Sterne was to die only 7 years after coming in to his life of literary fame. His body was buried in a Tyburn churchyard, but, like Tristram’s scattered wits, it did not come to rest. The story goes that the body was dug up and sold for dissection, and that it was only when Sterne’s face was recognised, on a slab in his own University of Cambridge, that his remains (or the remains of them) were returned for reburial. Having gone missing until 1969, they upped sticks once again to be transferred to Sterne’s parish of Coxwold, Sterne’s own Yorkshire parish. As Ian Campbell Ross shrewdly notes, this last leg of the posthumous journey would surely not have pleased the writer who spent so much of his later life keeping both death and the countryside at a safe distance.

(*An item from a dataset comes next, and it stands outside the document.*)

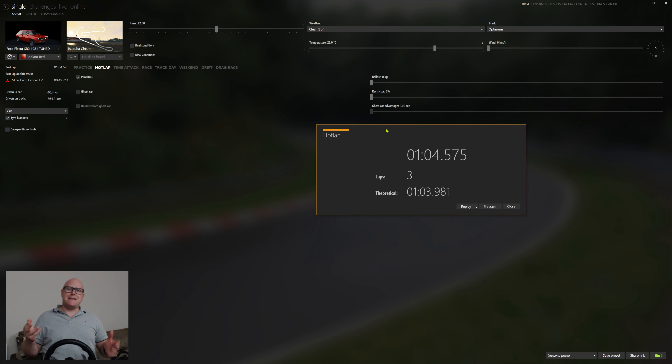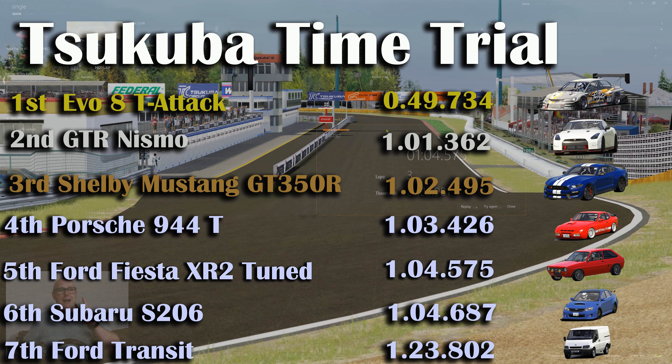Okay guys, so there it is. The time is one minute four point five seven five. The theoretical's showing a 1:03.981, so we've definitely got a lot more time in that car — perhaps a cleaner lap with more time spent on it. But it's just a fun car, really fun to drive. A hoon car. It can be balanced on the rear that just steps out — you can catch four-wheel drifts in it. The power is a superb amount, not overpowered. Just watch your entry speed. We're going to stick that up on the leaderboard: 1:04.575 for our tuned 1981 Fiesta XR2.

Tristram Shandy advances the brave, crack-brained wager that writing can mark time, spinning it out, folding it back on itself indefinitely. And yet, it also marks the passage of time, in moments in which the writing shivers with the sense of the minutes spilling away from the pen:

Time wastes too fast: every letter I trace tells me with what rapidity Life follows my pen; the days and hours of it, more precious, my dear Jenny! than the rubies about thy neck, are flying over our heads like light clouds of a windy day; never to return more – every thing presses on – whilst thou art twisting that lock, – see! it grows grey; and every time I kiss thy hand to bid adieu, and every absence which follows it, are preludes to the eternal separation which we are shortly to make. -- Heaven have mercy upon us both!

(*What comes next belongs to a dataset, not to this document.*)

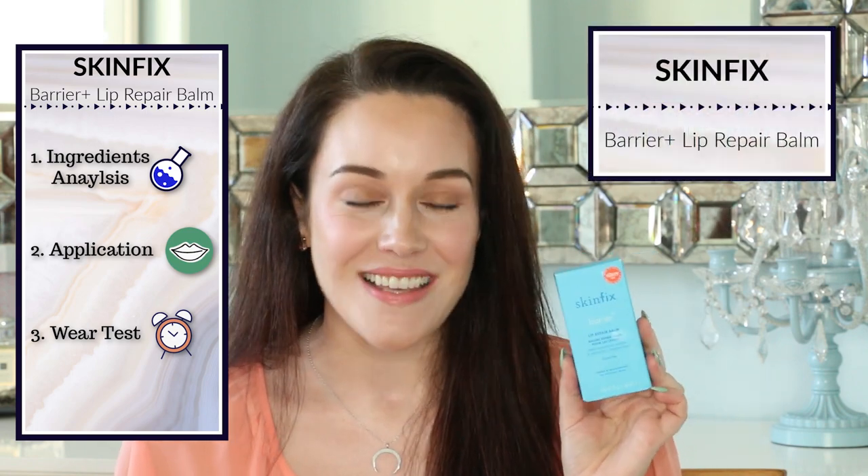Hi, welcome to my ingredients analysis, application, and wear test of the SkinFix Barrier Plus Lip Repair Balm. If you're not interested in the ingredients, I have timestamps down below in the description box as well as clickable timestamps pinned as the first comment of this video.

I actually quoted these mock-panicky words in my final examinations. I remember still my delight in following the track of the dashes and the semi-colons and exclamation marks which had spurted from Sterne’s own hectic nib more than two centuries before. And now, like the uncooperative flamingo in Alice’s croquet game, the words curl round to fix me in the eye, mocking me with the knowledge that this is now already a quarter-century ago for me – and counting. Even as they preserve something of Sterne (or rather, given the mobility of his mortal remains, everything there now is of Sterne), they are also a bookmark in my life, to remind me that the time is coming on apace when the most that will remain of me, and you, will be the fact of our too having lived and died in no time. Reproduced on the cover of Ian Campbell Ross’s searching, humane biography is Thomas Patch’s wonderful painting of a splay-footed, gormlessly-grinning Sterne bowing in respect before the bony figure of Death. I summon, from Sterne’s future, the words of a much later, and very different late developer, the poet W.B. Yeats, to serve as caption both for this picture and for Sterne’s own unique exercise in life-writing: Why should not old men (or even men of 46) be mad?